Consumer Credit jumped in December, a potentially positive sign for the economy.

51 Responses

  1. How many on the left confuse a desire for smaller government, a less interventionist government, for hatred of government?

    Instead, they were coming around to the principles of the anti-government economics of Austrians Friedrich A. Hayek and Ludwig von Mises.

    Is this what you’re taught? It’s just dumb.

    and their sweeping hostility to any actions by government to keep downturns from becoming catastrophes or to promote greater economic fairness.

    How is this in any way “anti-government?” See, Dionne actually doesn’t believe the hyperbole, but he thinks your stupid enough to believe it.

    he was reflecting an insight embraced across partisan lines. Government’s exertions, both during the New Deal and more completely during World War II, helped rescue the U.S. economy from depression.

    What’s fascinating is that there is no evidence for Dionne’s assertions re the depression and government interference.

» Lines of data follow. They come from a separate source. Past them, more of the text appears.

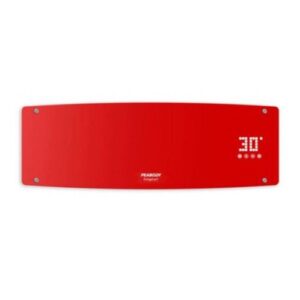 Split Caloventor Peabody Pe-cv20r - Rojo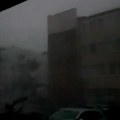 "Užasne scene, bilo je jače nego prošli put": Oluja u Bačkoj Palanci za sobom ostavila strašne prizore (foto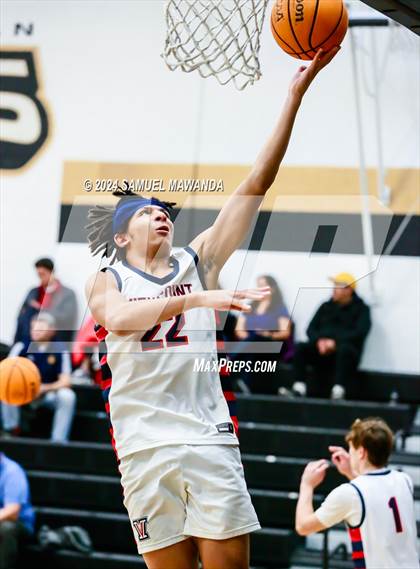 Thumbnail 1 in Viewpoint vs  La Salle (The Warrior Showcase) photogallery.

Yes, it is an article of faith among the left but that doesn’t mean it’s true. It’s like the leftist assertion that Kennedy was a great President. Where’s the evidence?

    http://m.washingtonpost.com/opinions/ej-dionne-jr-an-economic-school-has-led-to-gridlock-in-washington/2014/02/09/12de8df0-9020-11e3-b46a-5a3d0d2130da_story.html?wpisrc=nl_opinions

    Oh, and Frist!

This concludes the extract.